DATA PROVIDED

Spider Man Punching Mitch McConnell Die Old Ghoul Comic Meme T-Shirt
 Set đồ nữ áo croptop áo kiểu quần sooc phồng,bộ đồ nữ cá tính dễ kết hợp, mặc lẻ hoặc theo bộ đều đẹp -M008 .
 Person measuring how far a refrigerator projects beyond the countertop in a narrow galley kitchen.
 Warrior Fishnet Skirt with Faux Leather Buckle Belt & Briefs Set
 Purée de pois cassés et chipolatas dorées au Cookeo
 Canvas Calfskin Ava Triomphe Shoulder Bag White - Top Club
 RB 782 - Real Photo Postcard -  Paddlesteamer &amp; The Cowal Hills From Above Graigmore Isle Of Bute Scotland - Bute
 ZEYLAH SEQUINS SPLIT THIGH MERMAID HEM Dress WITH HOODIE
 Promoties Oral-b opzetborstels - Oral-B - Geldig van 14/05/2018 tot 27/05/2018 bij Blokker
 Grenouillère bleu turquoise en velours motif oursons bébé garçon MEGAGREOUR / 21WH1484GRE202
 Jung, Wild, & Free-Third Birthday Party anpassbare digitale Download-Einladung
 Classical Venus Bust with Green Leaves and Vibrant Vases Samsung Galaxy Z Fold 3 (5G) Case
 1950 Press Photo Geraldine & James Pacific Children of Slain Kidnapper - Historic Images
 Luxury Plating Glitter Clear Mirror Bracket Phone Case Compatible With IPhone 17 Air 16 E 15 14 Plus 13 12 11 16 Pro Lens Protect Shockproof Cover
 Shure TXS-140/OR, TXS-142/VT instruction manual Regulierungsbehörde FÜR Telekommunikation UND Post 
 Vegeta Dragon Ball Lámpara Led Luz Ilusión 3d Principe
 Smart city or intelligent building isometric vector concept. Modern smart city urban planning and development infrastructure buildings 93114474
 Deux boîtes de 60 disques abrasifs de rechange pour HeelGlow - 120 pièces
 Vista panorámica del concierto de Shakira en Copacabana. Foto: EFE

PROBLEM REQUIREMENTS
The entries above hold a line with "Jung, Wild, &" and a later line with "Luxury Plating Glitter". Write out exactly those lines and all lines between, nothing more.

YOUR SOLUTION
 Jung, Wild, & Free-Third Birthday Party anpassbare digitale Download-Einladung
 Classical Venus Bust with Green Leaves and Vibrant Vases Samsung Galaxy Z Fold 3 (5G) Case
 1950 Press Photo Geraldine & James Pacific Children of Slain Kidnapper - Historic Images
 Luxury Plating Glitter Clear Mirror Bracket Phone Case Compatible With IPhone 17 Air 16 E 15 14 Plus 13 12 11 16 Pro Lens Protect Shockproof Cover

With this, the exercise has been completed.